== What you should do ==
Reproduce the first line of the material below and each line after it, exactly, through the line containing "Bu maddeyi burunlarına çeken kokain müptelalarınınBu", and give nothing more.

== Source data ==

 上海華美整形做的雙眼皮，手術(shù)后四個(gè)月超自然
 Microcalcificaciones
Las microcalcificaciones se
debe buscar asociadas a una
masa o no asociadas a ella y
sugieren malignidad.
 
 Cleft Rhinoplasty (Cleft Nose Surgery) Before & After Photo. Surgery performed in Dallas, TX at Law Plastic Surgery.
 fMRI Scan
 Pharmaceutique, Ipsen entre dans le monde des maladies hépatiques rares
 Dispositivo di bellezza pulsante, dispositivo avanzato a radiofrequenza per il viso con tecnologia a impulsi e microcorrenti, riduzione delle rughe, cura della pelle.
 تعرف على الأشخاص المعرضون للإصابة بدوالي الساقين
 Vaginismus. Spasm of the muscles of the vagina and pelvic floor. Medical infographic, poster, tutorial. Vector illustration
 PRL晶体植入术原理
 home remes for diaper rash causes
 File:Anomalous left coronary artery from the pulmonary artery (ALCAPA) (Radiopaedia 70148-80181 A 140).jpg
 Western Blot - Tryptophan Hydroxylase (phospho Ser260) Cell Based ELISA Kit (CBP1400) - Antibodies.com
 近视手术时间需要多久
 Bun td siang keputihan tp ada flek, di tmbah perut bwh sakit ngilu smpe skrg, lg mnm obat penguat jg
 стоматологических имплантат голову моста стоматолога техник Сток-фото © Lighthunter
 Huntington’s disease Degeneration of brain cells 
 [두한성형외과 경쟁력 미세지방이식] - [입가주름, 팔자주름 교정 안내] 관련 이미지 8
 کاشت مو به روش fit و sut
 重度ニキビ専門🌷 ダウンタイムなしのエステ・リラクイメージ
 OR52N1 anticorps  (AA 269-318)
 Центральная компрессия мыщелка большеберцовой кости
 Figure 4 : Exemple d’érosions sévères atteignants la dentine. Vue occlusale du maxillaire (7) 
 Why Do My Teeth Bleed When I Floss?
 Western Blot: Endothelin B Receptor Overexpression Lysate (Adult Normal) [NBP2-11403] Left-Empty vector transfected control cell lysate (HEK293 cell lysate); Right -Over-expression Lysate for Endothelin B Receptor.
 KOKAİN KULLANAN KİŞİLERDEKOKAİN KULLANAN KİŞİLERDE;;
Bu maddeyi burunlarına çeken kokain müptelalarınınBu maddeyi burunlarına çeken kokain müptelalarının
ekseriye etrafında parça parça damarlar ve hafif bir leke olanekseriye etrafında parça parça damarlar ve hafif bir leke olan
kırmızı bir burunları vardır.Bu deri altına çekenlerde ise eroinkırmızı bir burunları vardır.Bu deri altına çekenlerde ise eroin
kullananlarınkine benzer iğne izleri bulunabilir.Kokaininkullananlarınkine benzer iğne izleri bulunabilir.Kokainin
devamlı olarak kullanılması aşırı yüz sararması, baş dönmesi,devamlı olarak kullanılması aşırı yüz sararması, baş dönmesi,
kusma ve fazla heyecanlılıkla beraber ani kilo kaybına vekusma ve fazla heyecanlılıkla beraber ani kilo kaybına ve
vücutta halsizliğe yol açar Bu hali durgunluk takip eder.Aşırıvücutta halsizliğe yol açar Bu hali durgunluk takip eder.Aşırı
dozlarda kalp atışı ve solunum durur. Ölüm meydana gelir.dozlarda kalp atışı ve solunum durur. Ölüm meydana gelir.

== Answer box ==
 上海華美整形做的雙眼皮，手術(shù)后四個(gè)月超自然
 Microcalcificaciones
Las microcalcificaciones se
debe buscar asociadas a una
masa o no asociadas a ella y
sugieren malignidad.
 
 Cleft Rhinoplasty (Cleft Nose Surgery) Before & After Photo. Surgery performed in Dallas, TX at Law Plastic Surgery.
 fMRI Scan
 Pharmaceutique, Ipsen entre dans le monde des maladies hépatiques rares
 Dispositivo di bellezza pulsante, dispositivo avanzato a radiofrequenza per il viso con tecnologia a impulsi e microcorrenti, riduzione delle rughe, cura della pelle.
 تعرف على الأشخاص المعرضون للإصابة بدوالي الساقين
 Vaginismus. Spasm of the muscles of the vagina and pelvic floor. Medical infographic, poster, tutorial. Vector illustration
 PRL晶体植入术原理
 home remes for diaper rash causes
 File:Anomalous left coronary artery from the pulmonary artery (ALCAPA) (Radiopaedia 70148-80181 A 140).jpg
 Western Blot - Tryptophan Hydroxylase (phospho Ser260) Cell Based ELISA Kit (CBP1400) - Antibodies.com
 近视手术时间需要多久
 Bun td siang keputihan tp ada flek, di tmbah perut bwh sakit ngilu smpe skrg, lg mnm obat penguat jg
 стоматологических имплантат голову моста стоматолога техник Сток-фото © Lighthunter
 Huntington’s disease Degeneration of brain cells 
 [두한성형외과 경쟁력 미세지방이식] - [입가주름, 팔자주름 교정 안내] 관련 이미지 8
 کاشت مو به روش fit و sut
 重度ニキビ専門🌷 ダウンタイムなしのエステ・リラクイメージ
 OR52N1 anticorps  (AA 269-318)
 Центральная компрессия мыщелка большеберцовой кости
 Figure 4 : Exemple d’érosions sévères atteignants la dentine. Vue occlusale du maxillaire (7) 
 Why Do My Teeth Bleed When I Floss?
 Western Blot: Endothelin B Receptor Overexpression Lysate (Adult Normal) [NBP2-11403] Left-Empty vector transfected control cell lysate (HEK293 cell lysate); Right -Over-expression Lysate for Endothelin B Receptor.
 KOKAİN KULLANAN KİŞİLERDEKOKAİN KULLANAN KİŞİLERDE;;
Bu maddeyi burunlarına çeken kokain müptelalarınınBu maddeyi burunlarına çeken kokain müptelalarının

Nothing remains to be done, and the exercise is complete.